This project provides a detailed analysis of the top 10 most popular movies from an IMDb dataset. Using various visualizations and statistics, users can explore the relationships between variables like budget, revenue, vote averages, and more.
- Correlation Analysis: View a correlation matrix of key variables.
- Genre Analysis: Bar chart and pie chart showing genre distributions.
- Release Year Analysis: Bar chart showing the number of movies released per year.
- Budget vs Revenue: Scatter plot comparing the budget and revenue of the top 10 movies.
- Popularity vs Vote Average: Scatter plot comparing movie popularity with average votes.
- Summary Statistics: Descriptive statistics for the top 10 movies dataset.
-
Clone the repository:
git clone https://github.com/yourusername/top-10-movie-analyzer.git
-
Navigate to the project directory:
cd top-10-movie-analyzer
-
Install the required Python packages:
pip install pandas seaborn matplotlib
-
Download the IMDb dataset: The system uses an IMDb dataset in CSV format. Download it from IMDb datasets and ensure it's available at the appropriate location, or update the file path in the script.
-
Run the Movie Analyzer:
python top_10_movie_analyzer.py
-
Choose the type of analysis:
- Correlation matrix
- Genre distribution (bar chart/pie chart)

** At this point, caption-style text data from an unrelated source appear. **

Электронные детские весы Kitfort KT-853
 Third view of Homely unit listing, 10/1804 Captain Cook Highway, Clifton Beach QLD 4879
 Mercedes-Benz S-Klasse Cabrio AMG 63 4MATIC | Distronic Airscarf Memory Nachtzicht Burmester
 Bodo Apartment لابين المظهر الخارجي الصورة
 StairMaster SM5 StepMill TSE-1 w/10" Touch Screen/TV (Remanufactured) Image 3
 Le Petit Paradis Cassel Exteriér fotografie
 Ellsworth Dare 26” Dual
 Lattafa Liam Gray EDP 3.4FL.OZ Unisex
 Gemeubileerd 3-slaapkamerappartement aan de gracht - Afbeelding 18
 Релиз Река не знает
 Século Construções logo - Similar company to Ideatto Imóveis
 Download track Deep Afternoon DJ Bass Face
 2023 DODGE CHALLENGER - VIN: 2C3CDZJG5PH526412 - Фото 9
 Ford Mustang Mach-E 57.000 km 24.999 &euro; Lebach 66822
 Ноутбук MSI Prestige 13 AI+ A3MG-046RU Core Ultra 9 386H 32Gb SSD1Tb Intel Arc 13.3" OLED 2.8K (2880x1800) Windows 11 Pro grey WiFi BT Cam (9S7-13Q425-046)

- Movies released per year
- Budget vs. Revenue comparison
- Popularity vs. Vote Average
- Summary statistics, and more.
-
Explore various plots: You can interactively explore different aspects of the top 10 movies by following the menu in the terminal.
- Python 3.x
- pandas
- seaborn
- matplotlib
This project uses IMDb data, which can be downloaded from the csv files uploaded here in this repo.